Sounds to me like you were having someone else's dream!  :smiley:

----------


## JenTheStrange

What makes you say I shared a dream with someone? I've never had a shared dream, so I don't know what one feels like.

----------


## Sageous

^^ I was mostly being facetious, and plugging a long dead thread I started last year -- hence the smiley face!

But let's think about it for a minute.  You dreamed of a place you've never seen before, but later found one like it that exists in waking life Chicago. That's a hint that you might have picked up a plot from someone else.  Or not -- coincidences do happen.  

But what if you did?  Well, I guess you had a taste of what one form of dream-sharing (accidental and one-sided) might feel like -- just a dream, if you're not lucid.  If it happens again, maybe you'll get a chance to lucidly explore the new dream and try to confirm if it's someone else's. If you do, then you'll be very popular on this forum!

Bottom line:  I was just kidding, and was not trying to start up the bazillianth dream-sharing thread. But now that you've tossed the term out there, maybe this is something worth considering...

----------


## JenTheStrange

I see!  :wink2:  
Thanks for the input. Now I'll have to patrol my dreams a little more thoroughly for any people that stick out like a sore thumb.

----------


## KimJane

I think it's very possible to have dreamed of a place you've never seen. It somewhat frustrates me how people who are so into dreams are such skeptics about the possibilities beyond the usual.  So many people have precognitive, psychic dreams and i think the brain is in the perfect state to receive such information when dreaming. 

I had similar dreams a couple months ago.  I saw an exit and a street name...looked it up and verified.  I also dreamed of a street name along a school campus...looked it up on google and there it was.  I've never been to either place or seen them in real life.

----------


## JenTheStrange

I guess the real question is why we have dreams about places we've never been to. I could understand if it was to prevent an incident in the future, but for the most part, they seem kind of random.

----------


## KimJane

I think maybe it could be a place of significance or memory of someone youre connected to (dead or living) or WILL be connected to.  Or maybe it's someplace you will visit in the future.  In my case I happened to dream about the city my father's family lives....I've never been there.
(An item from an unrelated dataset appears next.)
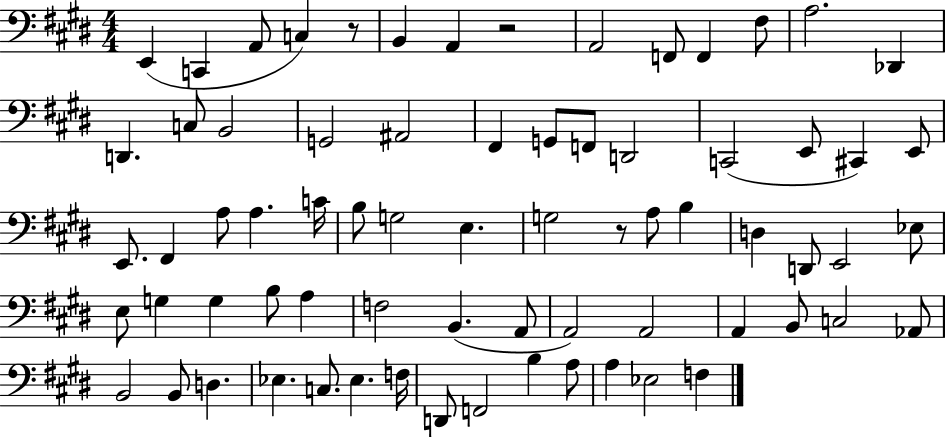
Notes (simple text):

Maybe what i saw is somewhere one of my (deceased) grandparents lived or someplace my father or his family sees frequently.  Maybe I'll know the significance (if any) one day.

----------


## EpicZombeh

I had a dream about a school.  Three years later, I was a part of a play, turns out the school we preformed at was identical to the one in my dream.  It wasn't even one of those cliché rectangle schools, it was oddly shaped.

----------


## TehDalek

> I think maybe it could be a place of significance or memory of someone youre connected to (dead or living) or WILL be connected to.  Or maybe it's someplace you will visit in the future.  In my case I happened to dream about the city my father's family lives....I've never been there. Maybe what i saw is somewhere one of my (deceased) grandparents lived or someplace my father or his family sees frequently.  Maybe I'll know the significance (if any) one day.
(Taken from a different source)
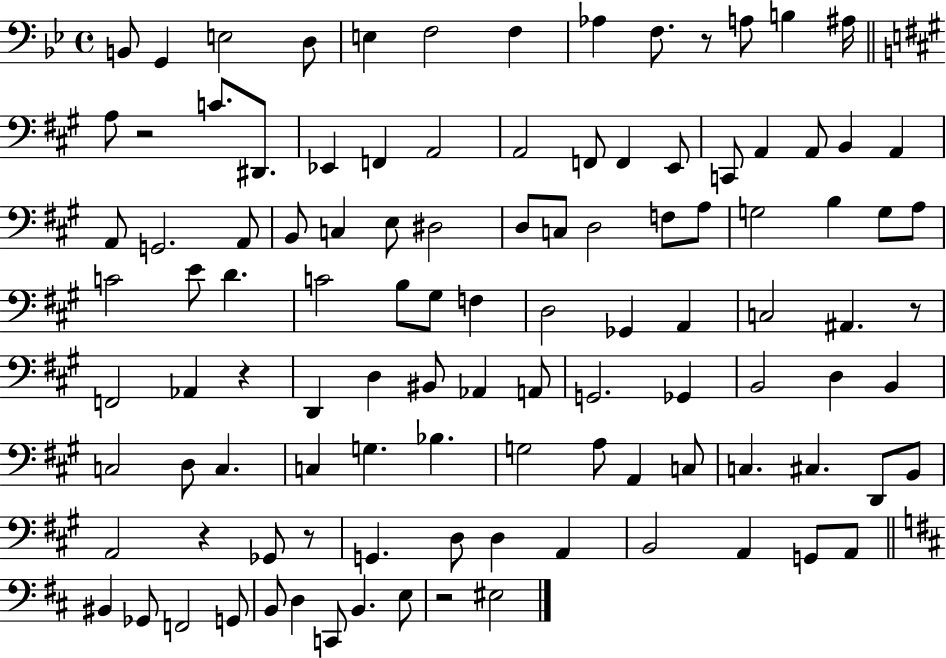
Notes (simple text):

B2/e G2/q E3/h D3/e E3/q F3/h F3/q Ab3/q F3/e. R/e A3/e B3/q A#3/s A3/e R/h C4/e. D#2/e. Eb2/q F2/q A2/h A2/h F2/e F2/q E2/e C2/e A2/q A2/e B2/q A2/q A2/e G2/h. A2/e B2/e C3/q E3/e D#3/h D3/e C3/e D3/h F3/e A3/e G3/h B3/q G3/e A3/e C4/h E4/e D4/q. C4/h B3/e G#3/e F3/q D3/h Gb2/q A2/q C3/h A#2/q. R/e F2/h Ab2/q R/q D2/q D3/q BIS2/e Ab2/q A2/e G2/h. Gb2/q B2/h D3/q B2/q C3/h D3/e C3/q. C3/q G3/q. Bb3/q. G3/h A3/e A2/q C3/e C3/q. C#3/q. D2/e B2/e A2/h R/q Gb2/e R/e G2/q. D3/e D3/q A2/q B2/h A2/q G2/e A2/e BIS2/q Gb2/e F2/h G2/e B2/e D3/q C2/e B2/q. E3/e R/h EIS3/h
(Sigh, another skeptic) I think that when you see these places your parents may have known, you are seeing the place your mind has created from the stories you have heard. It may create a street name, some places that were described to you, etc. When hearing it in waking life, it is just a thought, but in a dream it is a place. A good test for this is to look at pictures of this place, current ones, see how accurate it is. Whats everyone's opinion on this idea? (/I am the skeptic)

----------


## Sageous

^^ Sadly, TehDalek, you're probably right.  It is very simple, and quite understandable, to _imagine_ places you really want to visit, or places that have real significance, like ones your parents may have visited.
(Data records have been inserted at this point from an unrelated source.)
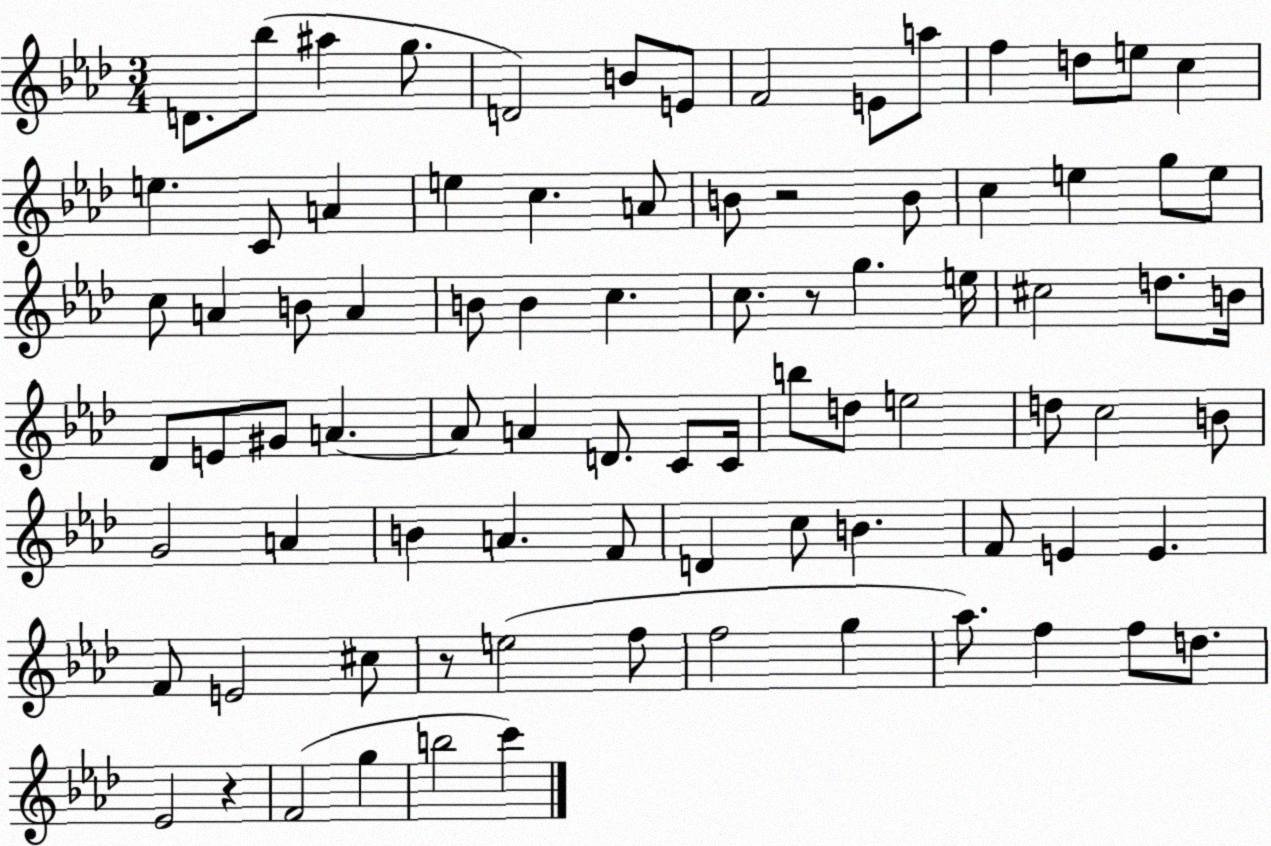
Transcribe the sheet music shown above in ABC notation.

X:1
T:Untitled
M:3/4
L:1/4
K:Ab
D/2 _b/2 ^a g/2 D2 B/2 E/2 F2 E/2 a/2 f d/2 e/2 c e C/2 A e c A/2 B/2 z2 B/2 c e g/2 e/2 c/2 A B/2 A B/2 B c c/2 z/2 g e/4 ^c2 d/2 B/4 _D/2 E/2 ^G/2 A A/2 A D/2 C/2 C/4 b/2 d/2 e2 d/2 c2 B/2 G2 A B A F/2 D c/2 B F/2 E E F/2 E2 ^c/2 z/2 e2 f/2 f2 g _a/2 f f/2 d/2 _E2 z F2 g b2 c'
I think Mr. Occam wins here; yours is the simplest and most likely explanation.  But what fun is that?  :wink2:

----------


## Extremador

I always have dreams about people I've never met. It's amazing that our brain can basically create full scale model of everything, even down to the details of a person.

----------


## KimJane

> (Sigh, another skeptic) I think that when you see these places your parents may have known, you are seeing the place your mind has created from the stories you have heard. It may create a street name, some places that were described to you, etc. When hearing it in waking life, it is just a thought, but in a dream it is a place. A good test for this is to look at pictures of this place, current ones, see how accurate it is. Whats everyone's opinion on this idea? (/I am the skeptic)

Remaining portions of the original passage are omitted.